------ SOURCE MATERIAL
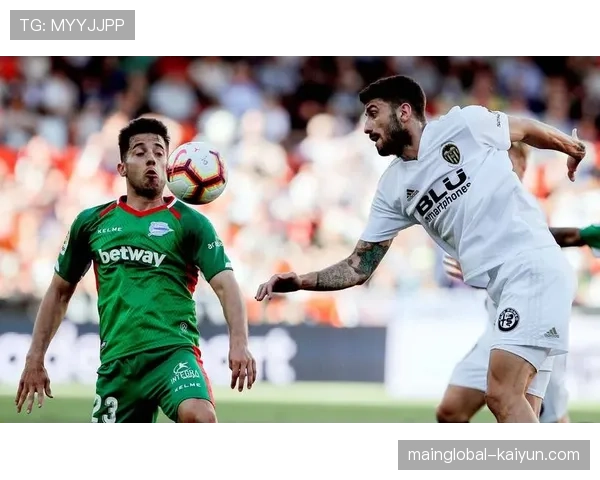 巴列卡诺主场防守稳固 客场失球过多制约排名提升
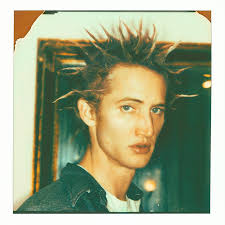 Instagram photo by Brad Bowers • Mar 2, 2024 at 3:32 PM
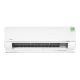 Điều hòa Midea 2 chiều 9000BTU inverter Wifi MSMTII-10HRFN8 - ảnh 2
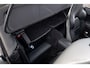 Porsche 911 Cabrio 3.6 Carrera 85.000km, handgeschakeld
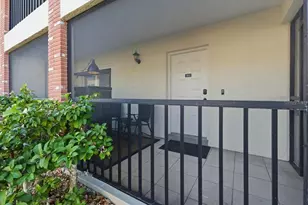 1531 Placida Rd, Englewood, FL 34223 - Photo 3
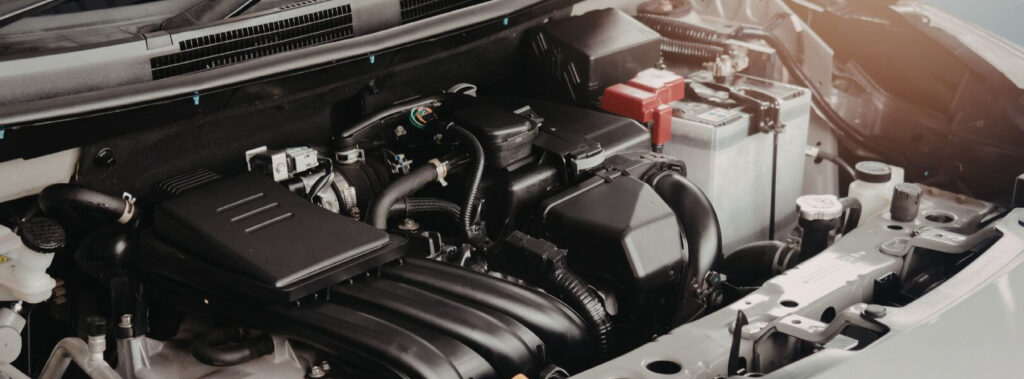 <span class="green_bold">Wzrost przychodów i sprzedaży</span> dla e-commerce na rynku niemieckim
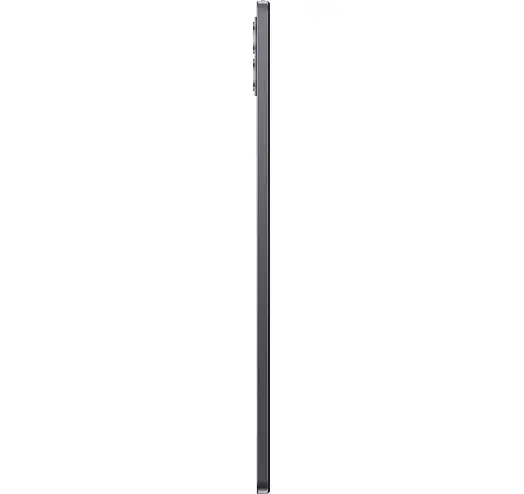 Планшет Xiaomi Redmi Pad 2 Pro 8/256Gb Wi-Fi version Graphite Gray (VHU6113EU) UA UCRF - фото 6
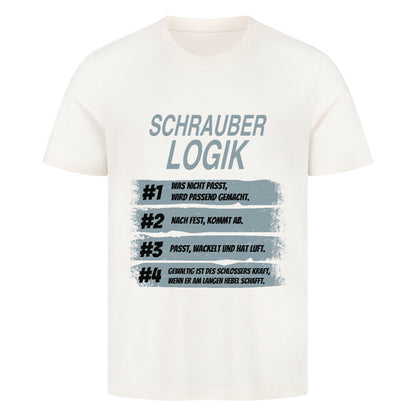 Image for color: natural raw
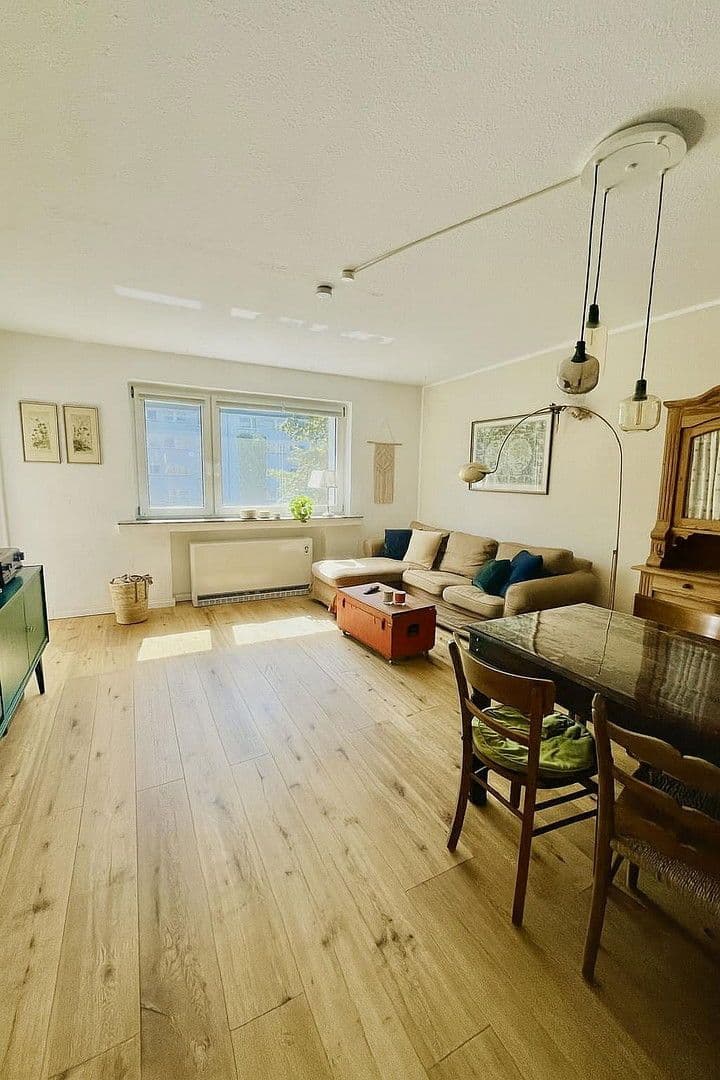 3 bedroom flat for sale, 72 m², Essen, North Rhine-Westphalia 3 bedroom flat for sale, 72 m², Essen, North Rhine-Westphalia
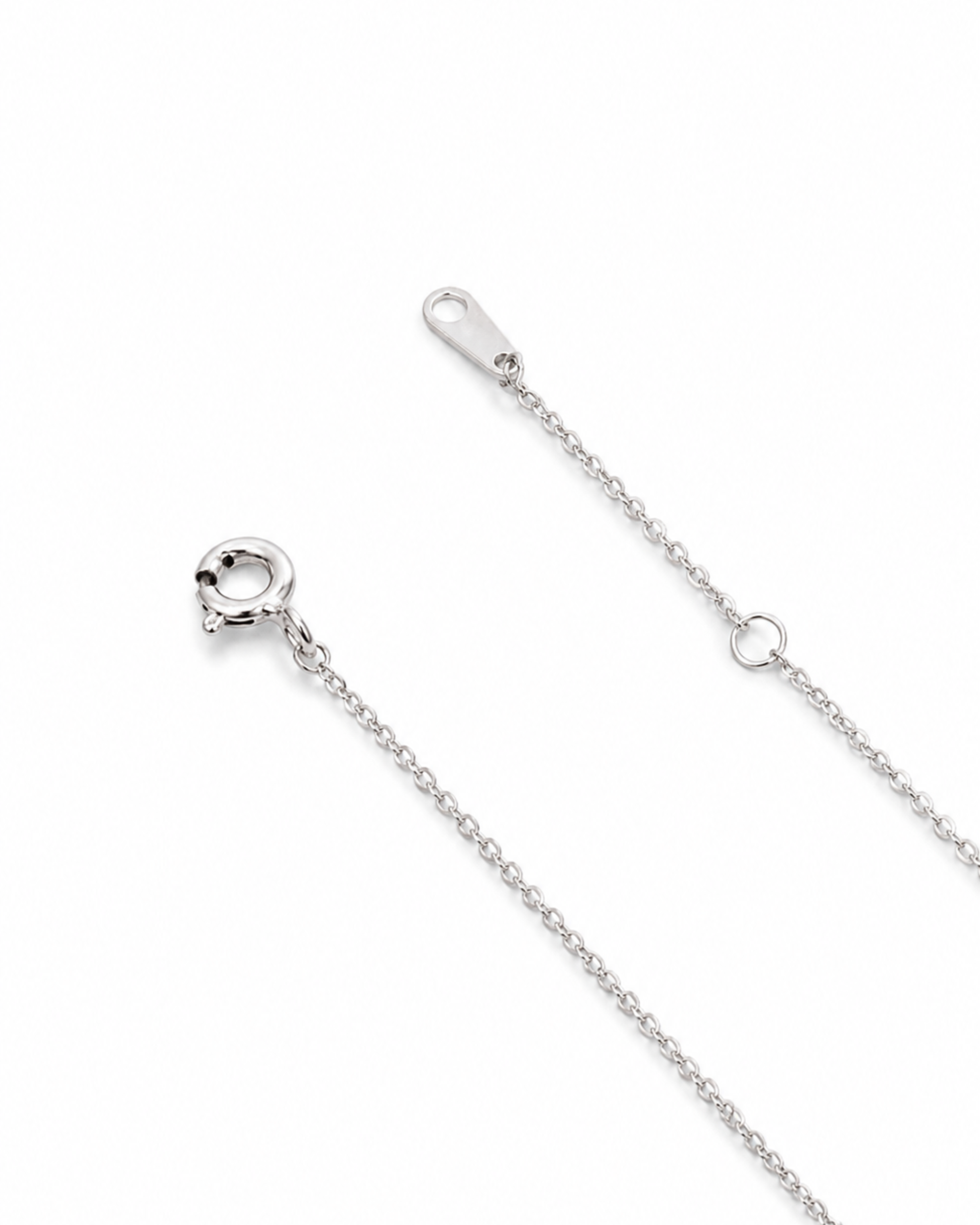 Amor [necklace]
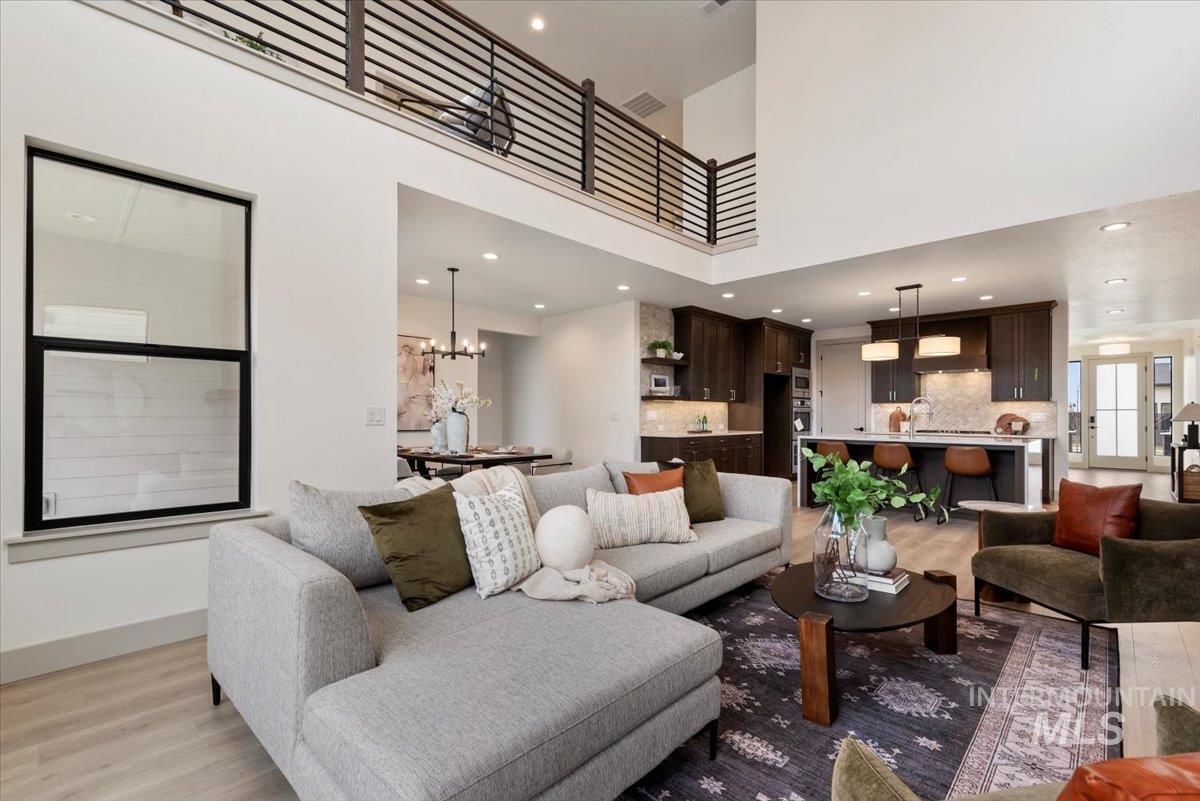 6360 W Largo Dr Unit: Fremont - TBB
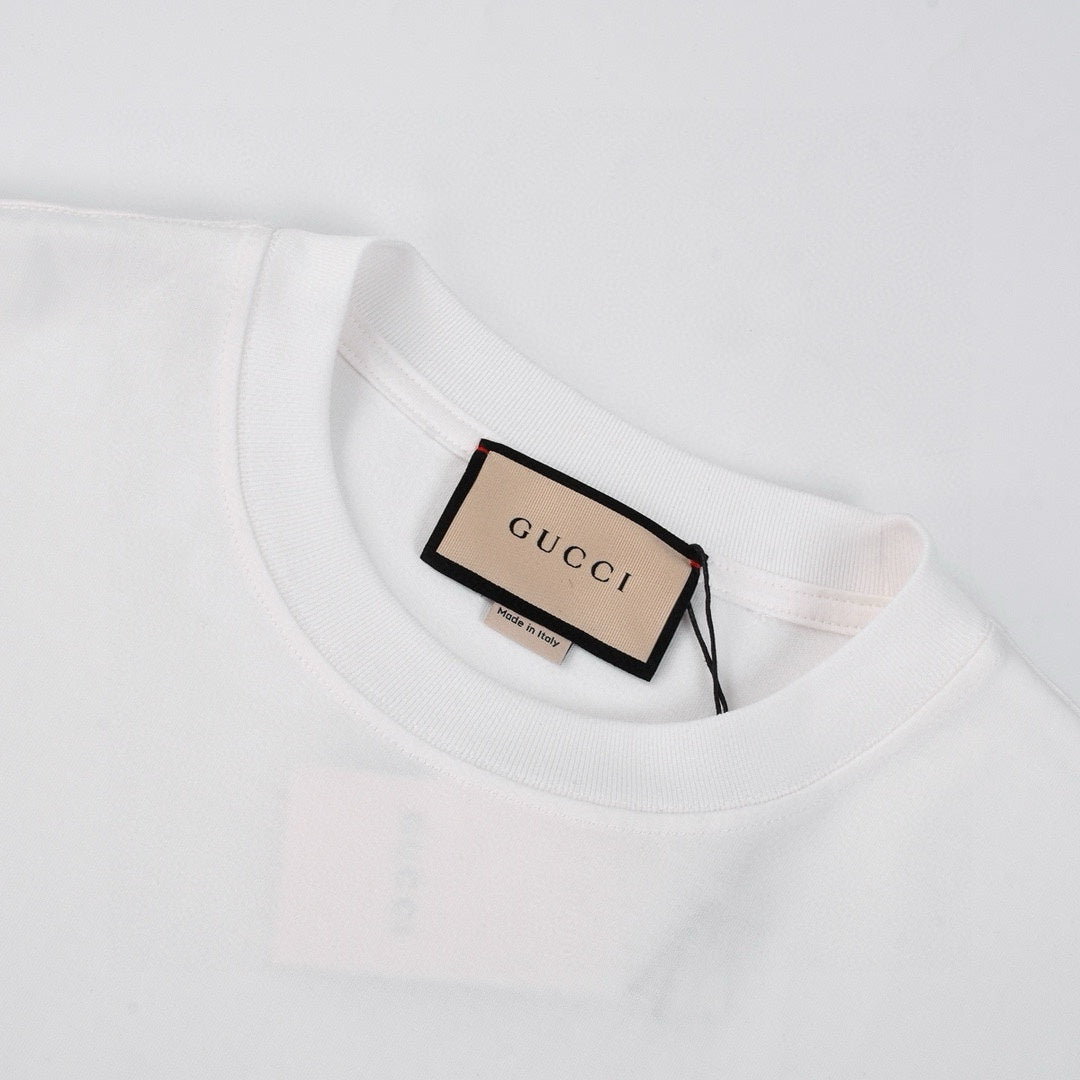 NEW ARRIVAL STREETWEAR - STREETWEAR CLOTHING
------------
WHAT IS EXPECTED: With the pictures dropped, write out all of the entries word for word.

RESULT OF THE EXERCISE:
 巴列卡诺主场防守稳固 客场失球过多制约排名提升
 Instagram photo by Brad Bowers • Mar 2, 2024 at 3:32 PM
 Điều hòa Midea 2 chiều 9000BTU inverter Wifi MSMTII-10HRFN8 - ảnh 2
 Porsche 911 Cabrio 3.6 Carrera 85.000km, handgeschakeld
 1531 Placida Rd, Englewood, FL 34223 - Photo 3
 <span class="green_bold">Wzrost przychodów i sprzedaży</span> dla e-commerce na rynku niemieckim
 Планшет Xiaomi Redmi Pad 2 Pro 8/256Gb Wi-Fi version Graphite Gray (VHU6113EU) UA UCRF - фото 6
 Image for color: natural raw
 3 bedroom flat for sale, 72 m², Essen, North Rhine-Westphalia 3 bedroom flat for sale, 72 m², Essen, North Rhine-Westphalia
 Amor [necklace]
 6360 W Largo Dr Unit: Fremont - TBB
 NEW ARRIVAL STREETWEAR - STREETWEAR CLOTHING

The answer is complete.